The relevant portion of the return of service amounts to an out-of-court statement by Officer Jesus Echevarria to the effect that, "I served Defendant with notice of the hearing on the protection order." Such a statement is hearsay. Fed. R. Evid. 801(c). The district court held that the return of service was admissible nonetheless under the public records exception to hearsay in Rule 803(8). Specifically, the district court admitted the return of service under Rule 803(8)(A)(ii), which provides that "[a] record or statement of a public office [is admissible] if ... it sets out a matter observed while under a legal duty to report, but not including, in a criminal case, a matter observed by law-enforcement personnel." Defendant argues that the return of service does not "set[ ] out a matter observed while under a legal duty to report" and that, even if it did, the law enforcement exception should have barred its admission. Those issues are essentially legal in nature, so we review them de novo. Mateo-Mendez , 215 F.3d at 1042. Defendant also argues that he "show[ed] that the source of information or other circumstances" surrounding the return of service "indicate[d] a lack of trustworthiness," such that the return of service should thus have been excluded under Rule 803(8)(B). That issue is essentially factual in nature, and we review the district court's ruling for abuse of discretion. Id.

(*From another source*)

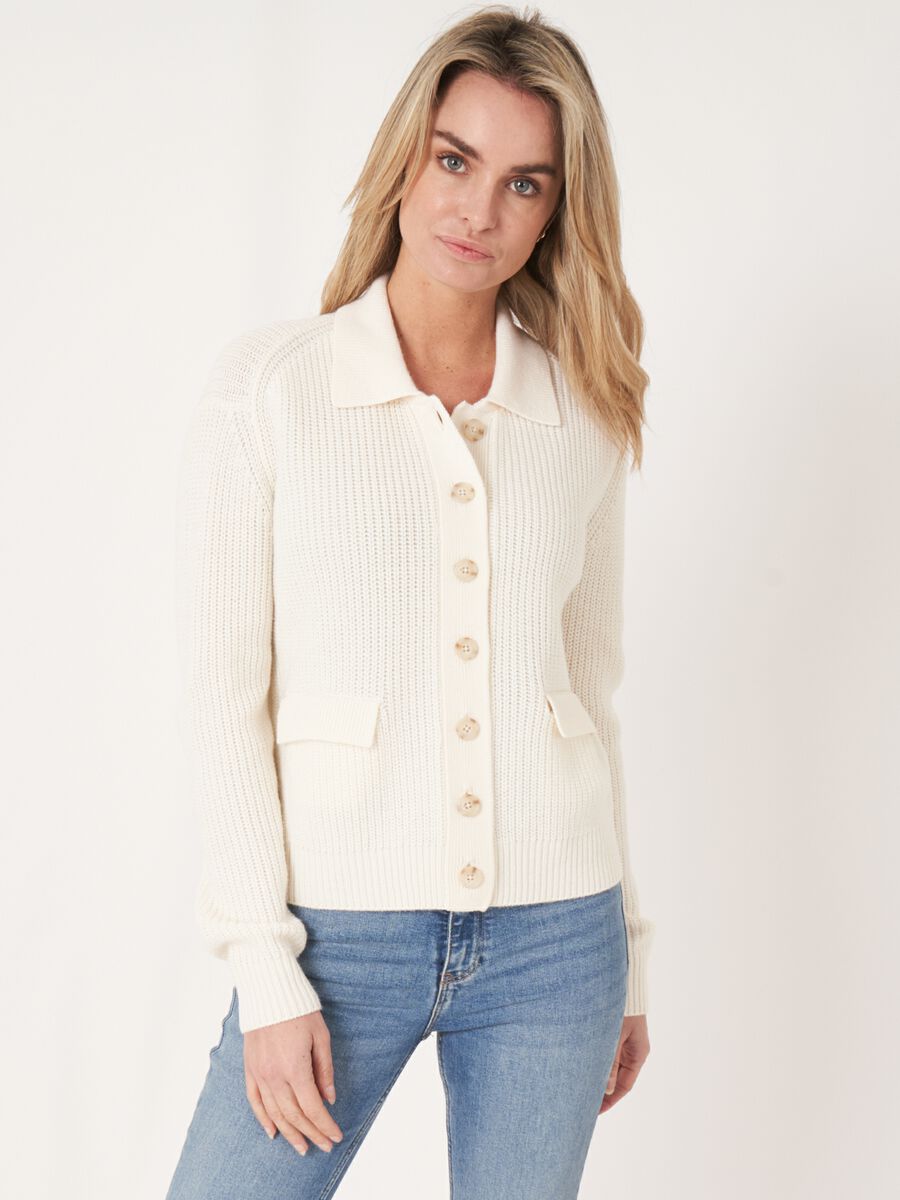 Cardigan côtelé en laine mérinos avec col polo image number 2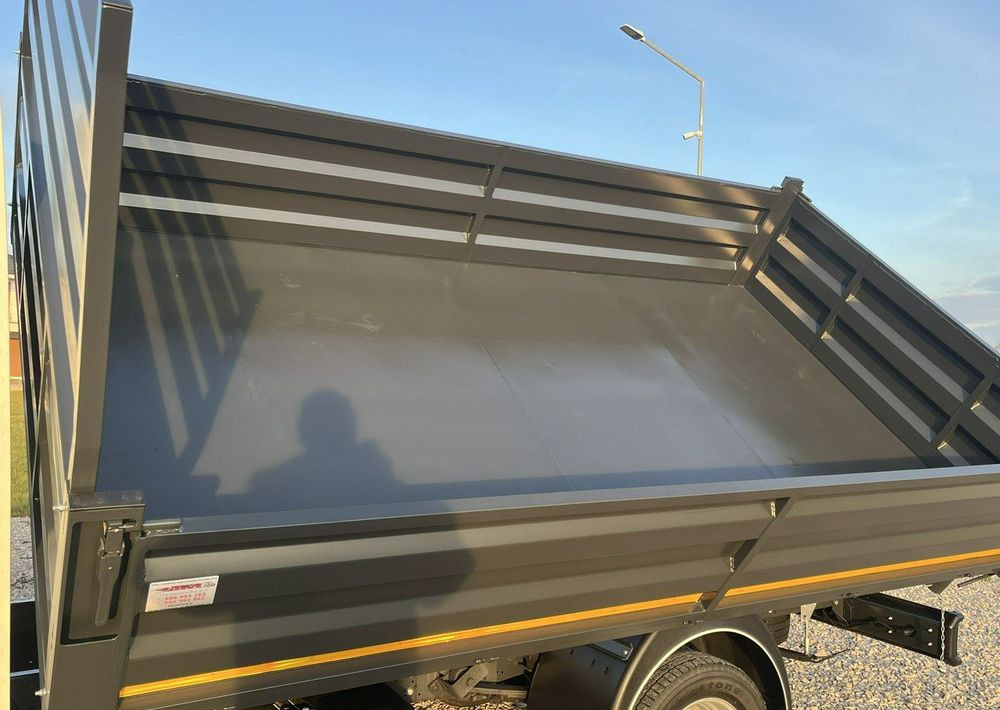 Όχημα με ανατρεπομενη καροτσα Iveco Daily: φωτογραφία 7 Όχημα με ανατρεπομενη καροτσα Iveco Daily: φωτογραφία 7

1. Matter Observed While Under a Legal Duty to Report

We have held that a "legal duty to report" within the meaning of Rule 803(8)(A)(ii) may exist even in the absence of "a statute or regulation [that] expressly imposes duties to observe, report, and keep records." United States v. Lopez , 762 F.3d 852, 862 (9th Cir. 2014). The pertinent question is whether the creation and maintenance of the record at issue is "appropriate to the function of the" relevant government office, given "the nature of the responsibilities assigned to" that office. Id. For instance, a "verification of removal"—a document "designed to record the physical removal of [an] alien across the border," id. at 856 —is the type of record that the Department of Homeland Security ("DHS") would be expected to create and maintain in the course of carrying out its duties. Accordingly, a DHS official is "under a legal duty to report" within the meaning of Rule 803(8)(A)(ii) when preparing such a document. Id. at 862.

Here, the tribal court required that Defendant be served with notice of the hearing on the protection order. The return of service was intended to notify the tribal court that service had taken place and, thus, that the hearing on the protection order could proceed. We conclude that the completion of the return of service was "appropriate to the function" of the tribal court system and that, therefore, Officer Echevarria was under a legal duty to report when he completed the return of...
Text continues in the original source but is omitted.